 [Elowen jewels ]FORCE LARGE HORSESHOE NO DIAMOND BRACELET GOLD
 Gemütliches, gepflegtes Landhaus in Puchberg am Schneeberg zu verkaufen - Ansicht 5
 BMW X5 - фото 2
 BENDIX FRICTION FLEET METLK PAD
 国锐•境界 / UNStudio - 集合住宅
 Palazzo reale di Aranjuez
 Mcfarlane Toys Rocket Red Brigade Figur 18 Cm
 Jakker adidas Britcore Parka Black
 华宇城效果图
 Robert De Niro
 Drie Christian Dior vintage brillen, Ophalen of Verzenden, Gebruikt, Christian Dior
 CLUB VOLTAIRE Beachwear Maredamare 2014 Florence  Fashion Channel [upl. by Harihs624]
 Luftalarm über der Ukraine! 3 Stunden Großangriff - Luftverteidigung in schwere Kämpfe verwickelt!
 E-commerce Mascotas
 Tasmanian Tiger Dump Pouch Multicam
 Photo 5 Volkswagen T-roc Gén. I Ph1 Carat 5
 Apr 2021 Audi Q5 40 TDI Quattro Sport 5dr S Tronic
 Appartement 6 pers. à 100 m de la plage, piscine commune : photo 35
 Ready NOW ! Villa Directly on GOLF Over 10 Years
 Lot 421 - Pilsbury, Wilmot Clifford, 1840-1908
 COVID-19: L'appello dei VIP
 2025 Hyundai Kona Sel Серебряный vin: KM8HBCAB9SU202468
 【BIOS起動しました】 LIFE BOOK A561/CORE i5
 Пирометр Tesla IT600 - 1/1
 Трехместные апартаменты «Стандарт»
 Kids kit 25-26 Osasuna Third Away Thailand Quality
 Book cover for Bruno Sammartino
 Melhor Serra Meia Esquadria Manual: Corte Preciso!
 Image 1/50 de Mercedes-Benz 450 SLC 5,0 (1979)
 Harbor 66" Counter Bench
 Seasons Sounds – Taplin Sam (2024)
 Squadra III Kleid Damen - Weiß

YOUR OBJECTIVE: Copy exactly, and only, the lines from the line containing "Book cover for Bruno Sammartino" to the end of the listing, with both ends included.

ANSWER SPACE:
 Book cover for Bruno Sammartino
 Melhor Serra Meia Esquadria Manual: Corte Preciso!
 Image 1/50 de Mercedes-Benz 450 SLC 5,0 (1979)
 Harbor 66" Counter Bench
 Seasons Sounds – Taplin Sam (2024)
 Squadra III Kleid Damen - Weiß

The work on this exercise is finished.